What is the order of calling destructors for temporaries in C++?

Question

Consider the following code:

#include <iostream>

struct A {
  ~A() { std::cout << "~A" << std::endl; }
};

struct B {
  ~B() { std::cout << "~B" << std::endl; }
};

struct C {
  ~C() { std::cout << "~C" << std::endl; }

  void operator<<(const B &) {}
};

C f(const A &a = A()) {
  return C();
}

int main() {
  f(A()) << B();
}

Compiling with GCC and running gives the following output:

~C
~A
~B

Is it guaranteed that the destructors for temporary objects of types A, B and C will be called in this order when compiled with other compilers? In general, what is the order of destructor calls for temporaries if there is any?

Answer 1

Let's talk about subexpressions and their sequencing. If E1 is sequenced before E2, that means E1 must be fully evaluated before E2 is. If E1 is unsequenced with E2, that means E1 and E2 may be evaluated in any order.

For f(A()) << B(), which is in your case the same as f(A()).operator<<(B()), we know that:

• A() is sequenced before f(...),
• f(...) is sequenced before operator<< and
• B() is sequenced before operator<<

This also tells us that:

• A() is sequenced before operator<<
• A() is unsequenced with B()
• f(...) is unsequenced with B()

If we assume RVO, so as not to complicate things, the possible order a compiler could evaluate the subexpressions in are:

• A() -> f(...) -> B(), yielding ~B() -> ~C() -> ~A()
• A() -> B() -> f(...), yielding ~C() -> ~B() -> ~A()
• B() -> A() -> f(...), yielding ~C() -> ~A() -> ~B()

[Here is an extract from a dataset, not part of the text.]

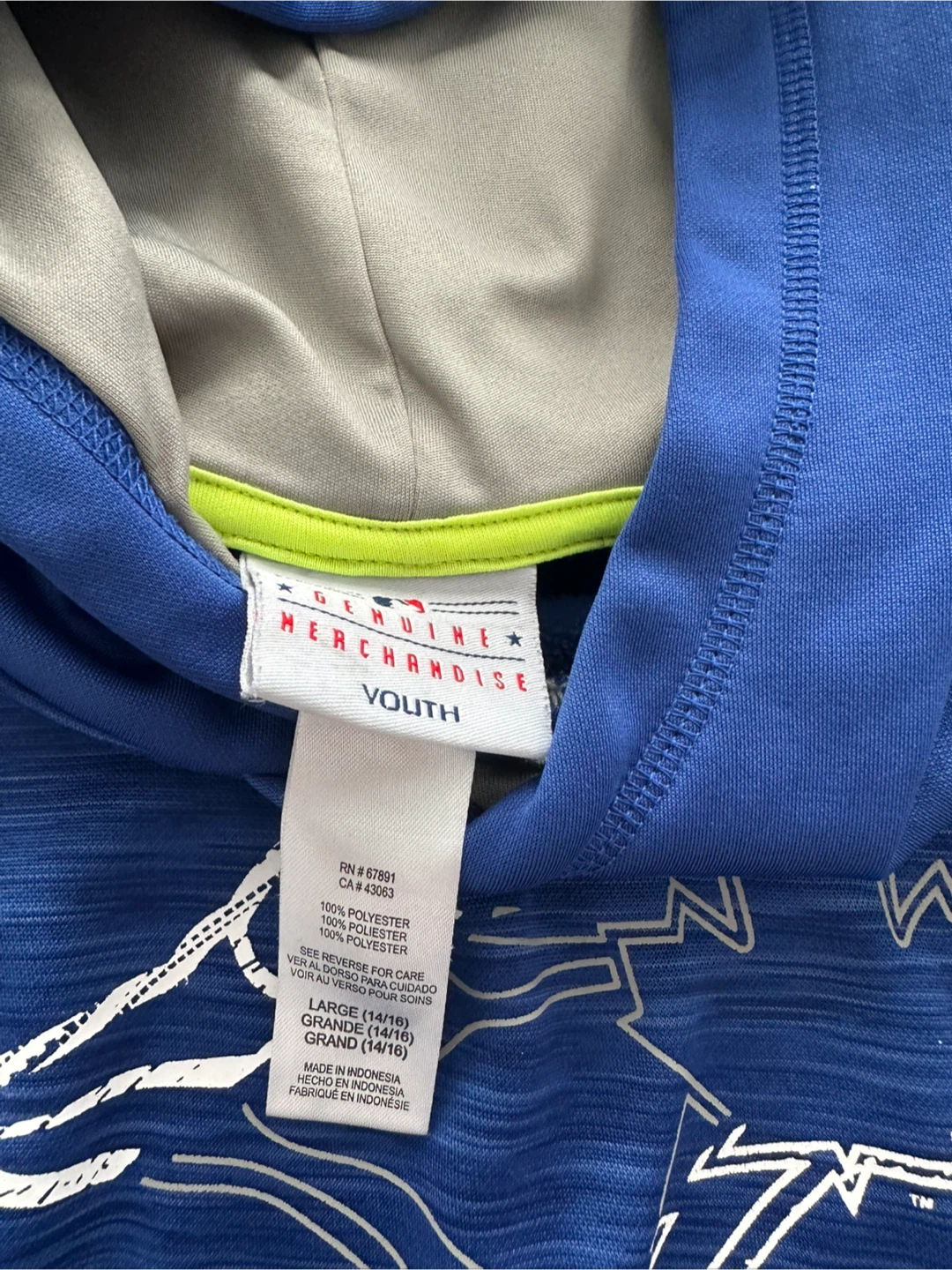 Toronto Blue Jays Youth Hoodie - photo 2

The latter is the order observed in the OP. Note that the order of destruction is always the reverse order of construction.

Answer 2

The order of evaluation of expression f(A()) << B(); is not specified. Thus, the order of construction/destruction is not specified as well.

Answer 3

The order of evaluation of operands of << is unspecified. Hence, order is not guaranteed. Only the short-circuiting operators &&, ||, the ternary operator ?:, and the comma , operator has well-defined order of evaluation of operands. For others, it is not necessary that the left operand has to be evaluated before the right operand (or vice-versa).

Further, do not confuse operator precedence or associativity with order of evaluation. For a given expression E1 op E2, it is only necessary that before the operator op is applied, both E1 and E2 should be evaluated, but between themselves, E1 and E2 could be evaluated in any order.

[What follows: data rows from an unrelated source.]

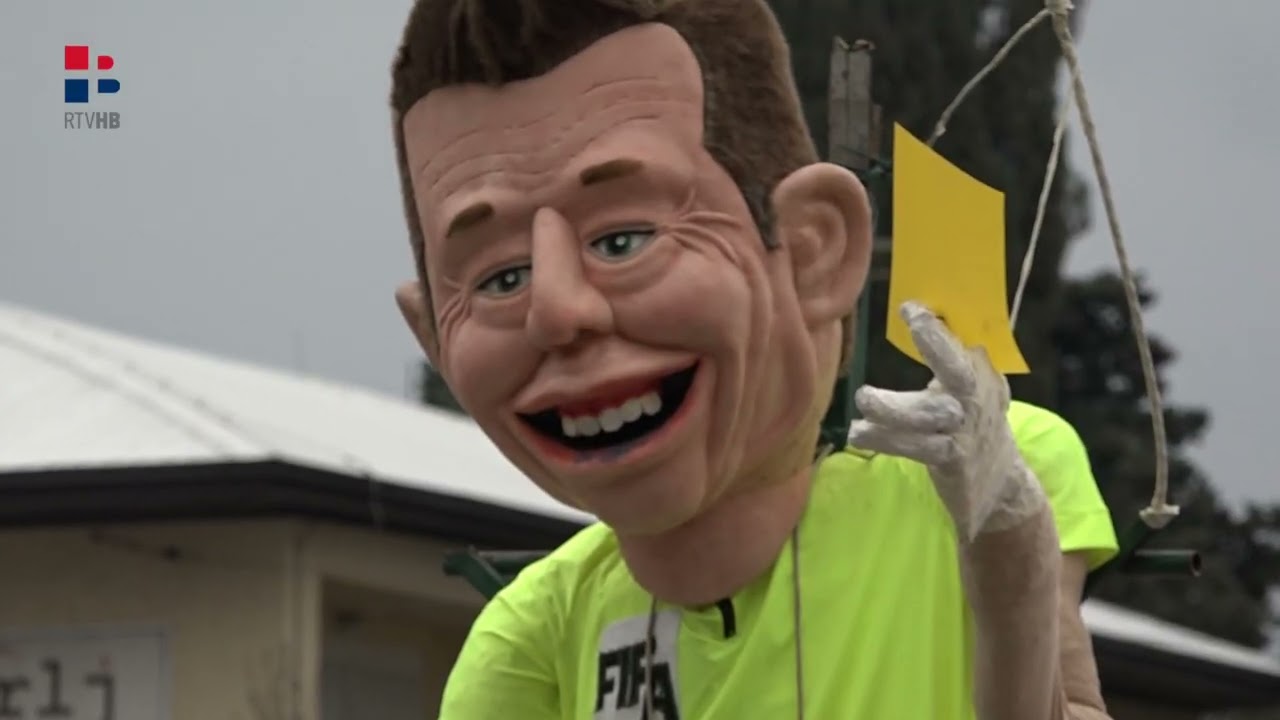 RTV HB | Karnevalska ludnica zahvatila Ljubuški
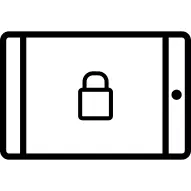 Tablet locked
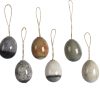 Πασχαλινά αβγά foam 4x6cm σετ 6 assorted 805294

Precedence rules decide the order in which operators are applied when there's more than 1 operator in an expression, such as E1 op1 E2 op2 E3.

Associativity is used to decide which operands bind to which operator, when the same operator is used more than once, that is, in E1 op E2 op E3, whether it is interpreted as (E1 op E2) op E3 or E1 op (E2 op E3).